Chekuthante Kotta is a 1967 Indian Malayalam-language horror thriller film, directed and produced by M. M. Nesan. The film stars Sathyan, Madhu, P. J. Antony, and Sankaradi. The film had a musical score by B. A. Chidambaranath.

== Plot ==

There is an old bungalow in the forest of High Range. It is known as the Devil's Fort, and even during the day no one goes in that area. It is said that the spirit of a girl who died long ago is still there, At midnight, people hear noises, including a woman's singing, and see a moving skeleton. Local people tell these tales about this bungalow.

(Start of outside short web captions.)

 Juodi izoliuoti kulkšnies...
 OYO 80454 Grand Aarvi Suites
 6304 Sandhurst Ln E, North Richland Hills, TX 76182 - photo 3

Two people from the town come there to investigate the mysteries surrounding this fort: Lawrence and Bhaskaran. Lawrence starts singing while driving through the hills in a jeep and enjoying the natural beauty of the place. Lawrence and Bhaskaran reach the bungalow, which has been empty for many years, and walk around to observe the surroundings. When they come back to the front of the bungalow, they both see that their bags and other things are on fire. Both of them enter the dusty and bat-filled bungalow. The two of them sweep and clean a room. That night, they hear a song of a woman in the distance. Searching for the source of the song, Lawrence and Bhaskaran walk around the bungalow. Suddenly, a skeleton rushes towards them and disappears.

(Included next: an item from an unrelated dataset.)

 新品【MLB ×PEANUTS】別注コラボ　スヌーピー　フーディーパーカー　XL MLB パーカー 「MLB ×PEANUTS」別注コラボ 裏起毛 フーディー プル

Bhaskaran opines that it is not wise to stay in that place; things are worse than expected. But Lawrence is unmoved. Lawrence argues that ghosts do not exist in this century, and that they are mere human quirks. Not only that, Lawrence also invites other friends to join this adventure. His friends Venugopalan, Iqbal, and Sankaran reach the fort, along with a cook. Lawrence says that there is no ghost in the place, but everyone is scared, especially the cook. Venu is a good guitarist and always has a guitar with him. Lawrence knows that a band of robbers was encamped in that forest and argues that the bandits and the haunting of the bungalow are one and the same. Bhaskaran is also of the opinion that there is truth in what Lawrence is saying.

One day Lawrence hears another song. After hearing that song, Lawrence finally comes upon a beautiful young woman, the first woman Lawrence has seen since coming to the forest. She is Yamuna, the daughter of the forest elder Ponnan. At first sight, Lawrence falls for Yamuna. Local people are surprised to find that five men are still alive in the devil's fort. Lawrence starts cleaning the place with the help of some brave local workers, with Bhaskaran supervising. Meanwhile, Yamuna and Lawrence pledge their love. Bhaskaran, who has just finished his chores, flirts with Yamuna. When Bhaskaran is informed about the fact that Lawrence has gone to Ponnan, Bhaskaran is shocked. He realises the presence of a madman who came from somewhere and is in the forest. Lawrence catches the gang leader who is a terrorist. It was Ponnan himself. By that time police arrive. Ponnan's alter ego (JR Anand) is also caught by Lawrence. It was another person who often cheated people by dressing up as a goldsmith.

== Cast ==
- Sathyan as Lawrence
- Madhu as Venugopal
- Sankaradi
- Ambika as Yamuna
- Bahadoor
- J. A. R. Anand as Ponnan
- S. P. Pillai

== Soundtrack ==
The music was composed by B. A. Chidambaranath and the lyrics were written by P. Bhaskaran.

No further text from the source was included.